House of Gucci, l’arte di Ridley Scott di fare centro restando in superficie

Nei cinema dal 16 dicembre, House of Gucci, l’ultimo film di Ridley Scott, ha diviso aspramente la critica tra sostenitori e detrattori.

Tempo di lettura: 5 minuti

Che House of Gucci sia il film più discusso di questo 2021, non c’è ombra di dubbio alcuna. Con quattro première mondiali – Londra, Milano, New York e Los Angeles – un incasso internazionale al box office di 106 milioni di dollari ed un all-star-cast, non meraviglia che l’ultimo lungometraggio di Ridley Scott abbia fatto parlare di sé ancor prima del suo arrivo nelle sale cinematografiche. Un biopic talmente controverso questo sull’assassinio di Maurizio Gucci ad opera della sua ex-moglie Patrizia Reggiani, che ha saputo dividere critica, spettatori e tabloid in due macro-categorie: i sostenitori indefessi e i detrattori incalliti.

House of Gucci

La scialba prospettiva del biopic

La storia dell’assassinio di Maurizio Gucci, pur avendo fatto assai scalpore all’epoca, è sicuramente conosciuta a pochi, a chi ha vissuto la sua piena gioventù a cavallo tra gli anni ’80 e ’90 o agli amanti del mondo della moda, e regge molto male il confronto con una situazione abbastanza analoga sotto tanti aspetti, quella dell’omicidio di un altro grande faro della moda italiana – Gianni Versace (del quale se ne parla nella serie antologica American Crime Story di Ryan Murphy) – che nel corso del tempo e attraverso generazioni diverse ha avuto una risonanza di gran lunga più impattante sull’immaginario collettivo.
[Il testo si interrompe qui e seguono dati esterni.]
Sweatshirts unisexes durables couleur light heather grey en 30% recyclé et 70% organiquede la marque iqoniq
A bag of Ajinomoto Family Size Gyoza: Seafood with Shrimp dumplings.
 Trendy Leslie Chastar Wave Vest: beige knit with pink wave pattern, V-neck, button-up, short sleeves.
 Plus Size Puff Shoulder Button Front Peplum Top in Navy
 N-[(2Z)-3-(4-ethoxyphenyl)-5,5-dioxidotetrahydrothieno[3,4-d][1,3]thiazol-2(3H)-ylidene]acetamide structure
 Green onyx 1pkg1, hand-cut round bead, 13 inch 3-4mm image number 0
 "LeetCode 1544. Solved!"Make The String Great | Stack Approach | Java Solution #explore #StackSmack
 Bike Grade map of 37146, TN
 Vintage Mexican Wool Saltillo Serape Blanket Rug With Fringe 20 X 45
L’idea di Ridley Scott di puntare l’occhio di bue sulla famiglia Gucci e sui suoi panni sporchi da lavare in famiglia non è per niente da condannare, anzi, al contrario da elogiare, per aver desiderato di portare sul grande schermo – e diffonderne, così, la conoscenza – uno tra gli eventi di cronaca nera che ha segnato maggiormente il mondo del fashion design e, più in generale, l’Italia degli anni ’90, che resta la terra d’origine della famiglia Gucci – nonostante poi il marchio sia riuscito a diventare famoso a livello mondiale.

House of Gucci

Quello che poco convince è un piccolo dettaglio (forse poi non così piccolo) di natura tecnica, ovvero la linearità con la quale la storia di Patrizia e Maurizio – e, più alla larga, di Rodolfo, Aldo e Paolo Gucci – viene raccontata. Il regista – che per il soggetto sceglie come punto di partenza il libro di Sara Gay Forden The House of Gucci: A Sensational Story of Murder, Madness, Glamour, and Greed – racconta l’epocale decadenza del marchio (e contemporaneamente anche della famiglia) attraverso l’identificazione degli eventi più salienti, dall’incontro tra Patrizia e Maurizio ad una festa, passando poi per il matrimonio, la morte del padre Rodolfo, l’estromissione di Aldo, il fallimento di Paolo, la vendita ad Investcorp e l’arrivo di Tom Ford.

Il film appare, così, una mera e maccheronica successione di scene cronologicamente già predisposte dall’effettivo dipanarsi degli eventi storici (tranne per il breve flashforward iniziale), con un tempo del racconto assai dilatato all’inizio, ed una condensazione, in meno di mezz’ora, dell’episodio principale e al contempo anche il maggior attrattore dell’attenzione dello spettatore: l’assassinio di Maurizio. Ridley Scott si mantiene (magistralmente) in superficie, senza indagare poi chissà quanto la psiche umana, in parte per pigrizia, in parte perché forse per davvero i protagonisti della storia hanno agito spinti da moventi indecifrabili ed ambigui, contribuendo a creare un alone di mistero ed occulta incognita comportamentale. Ne consegue che House of Gucci è un prodotto di certo non scadente, ma nemmeno di prima qualità, piatto e succedaneo per quanto capace di primeggiare per brillantezza.

House of Gucci

Ridley Scott avrebbe potuto osare – e se l’avesse fatto ci sarebbe anche riuscito – romanzando l’opera, galvanizzandone il punto di vista, avrebbe potuto semplicemente farsi guidare dall’istinto consolidato di una regia di fama mondiale, eppure ha preferito adagiarsi su un copione letterario rivelatosi abbastanza sterile, almeno in quanto trasposizione cinematografica. House of Gucci è un film fine a sé stesso, che forse sin da subito punta in alcun modo a farsi portavoce di nessuna grande morale di favola, fatta salva quella per la quale la bramosia di potere, di fama e di denaro, una volta che t’inghiottisce, ti sbudella dall’interno lentamente in milioni di pezzettini.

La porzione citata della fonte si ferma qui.